■ MATERIAL PROVIDED ■
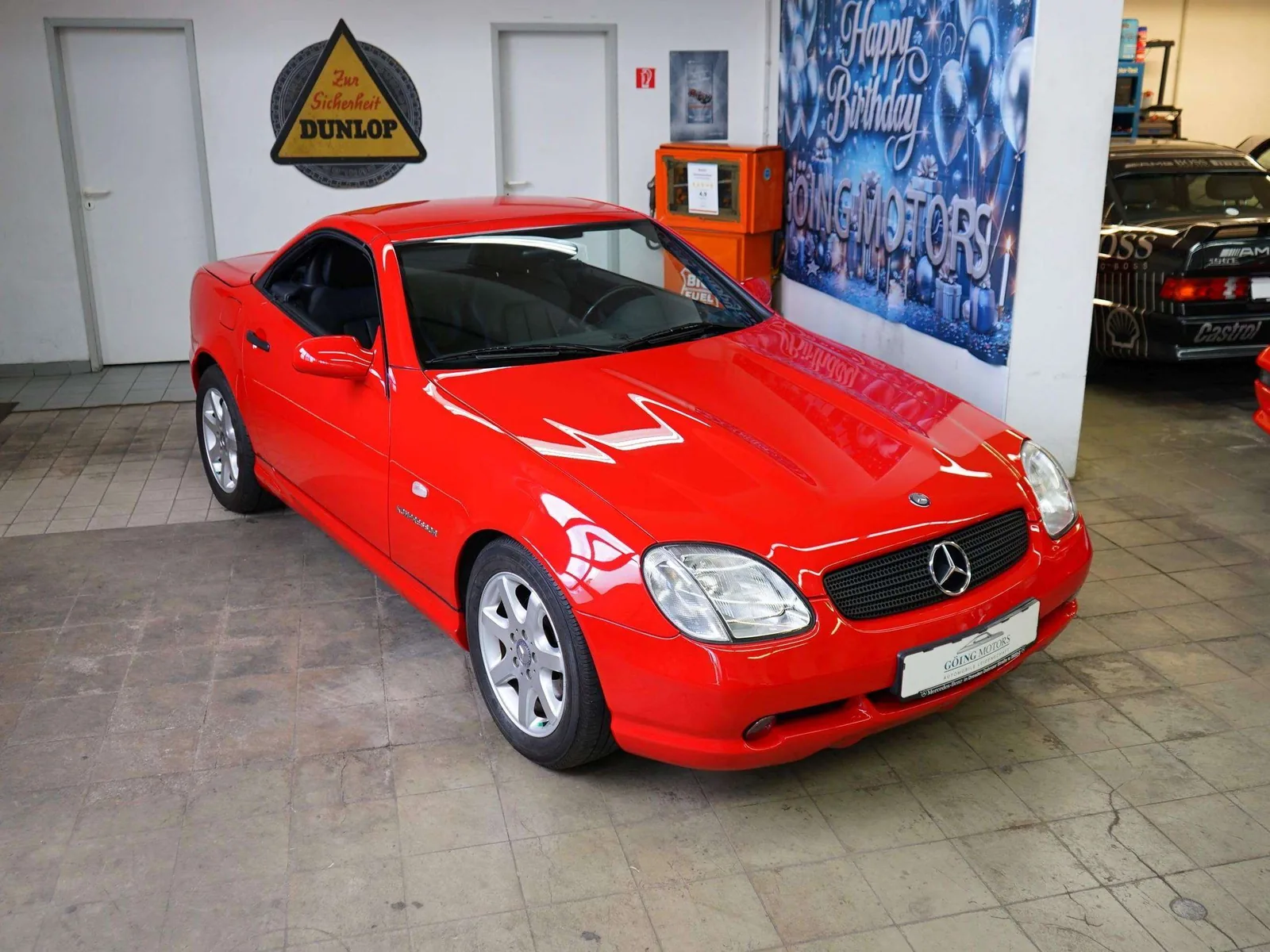 Mercedes-Benz SLK 230 Kompressor R170 argentée, toit ouvert, de trois quarts avant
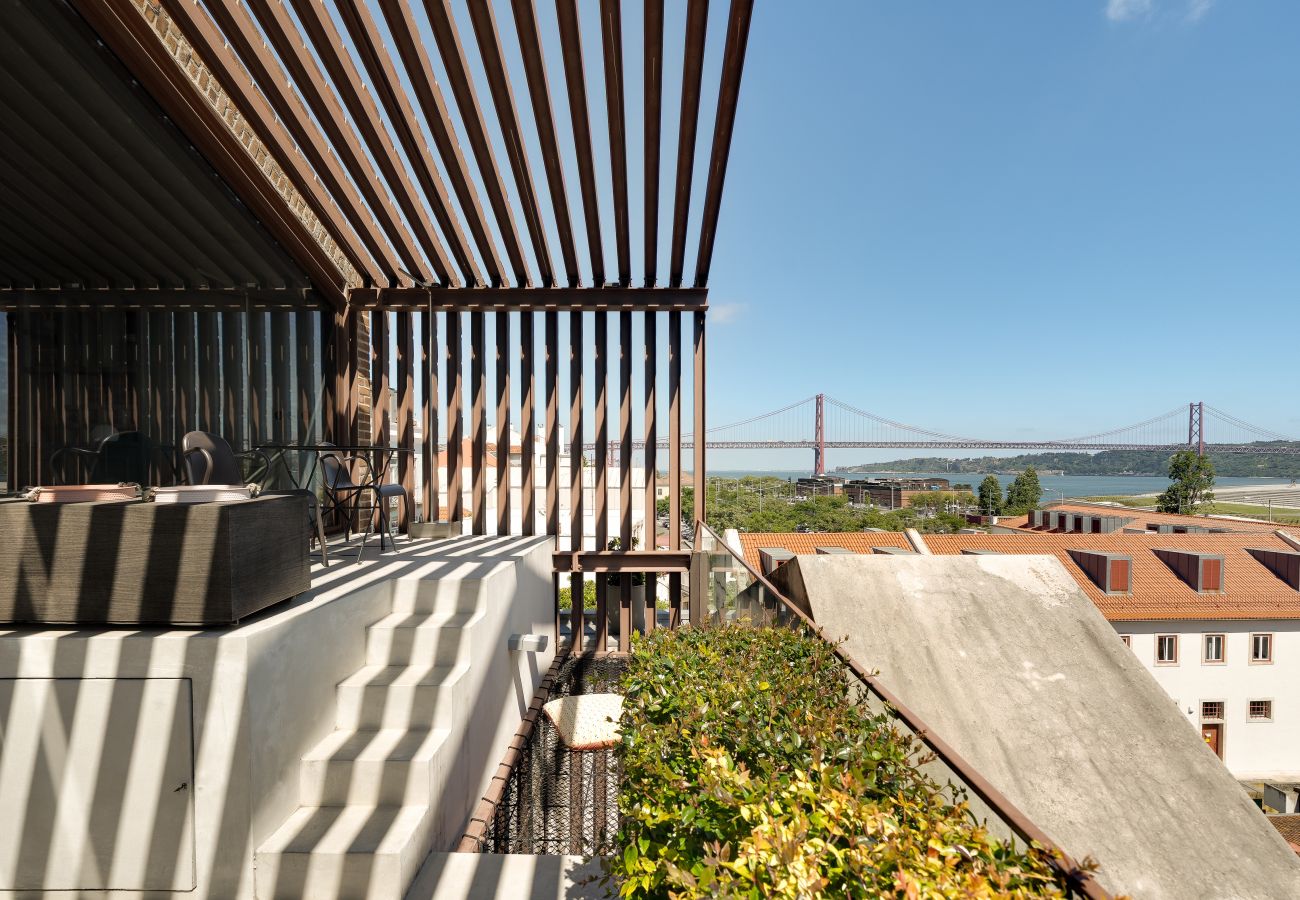 Villa in Lisbon - A Skyline Urban Villa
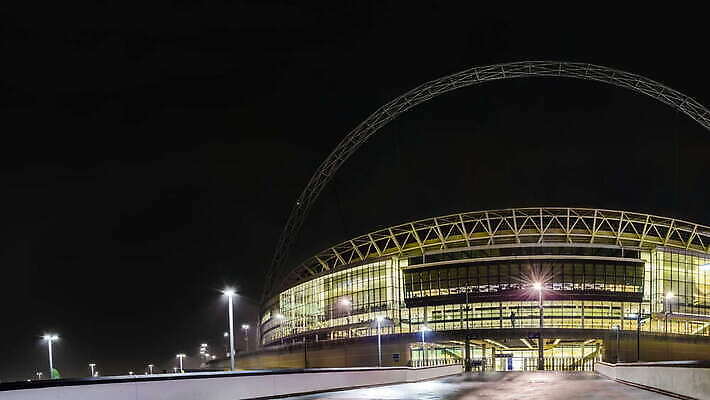 디자인 외관 유럽 스포츠 올림픽 건축양식 유리 영국 잉글랜드 파노라마 이벤트 사람없음 야외 건물 파란색 금속 축구 경기장 흰색 야간 큼 아치 런던 땅바닥 랜드마크 전국 철강 패닝샷 4K MOV 해외동영상 클립영상 자연요소 건축물 건축 나라 컬러 스포츠시설 재질 바닥 촬영기법 구기 크기 동영상 파일형식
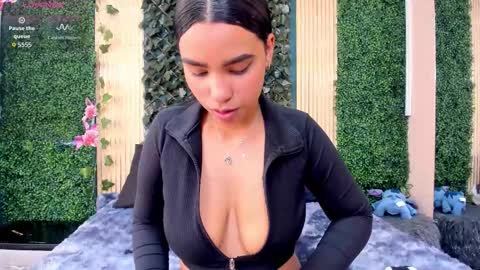 khateandersson online show from 12/01/25, 08:14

■ TASK DETAILS ■
Reproduce word for word the lines running from the line with "디자인 외관 유럽 스포츠" through the end of the data, both included, and nothing else; leave out the pictures.

■ RESPONSE ■
 디자인 외관 유럽 스포츠 올림픽 건축양식 유리 영국 잉글랜드 파노라마 이벤트 사람없음 야외 건물 파란색 금속 축구 경기장 흰색 야간 큼 아치 런던 땅바닥 랜드마크 전국 철강 패닝샷 4K MOV 해외동영상 클립영상 자연요소 건축물 건축 나라 컬러 스포츠시설 재질 바닥 촬영기법 구기 크기 동영상 파일형식
 khateandersson online show from 12/01/25, 08:14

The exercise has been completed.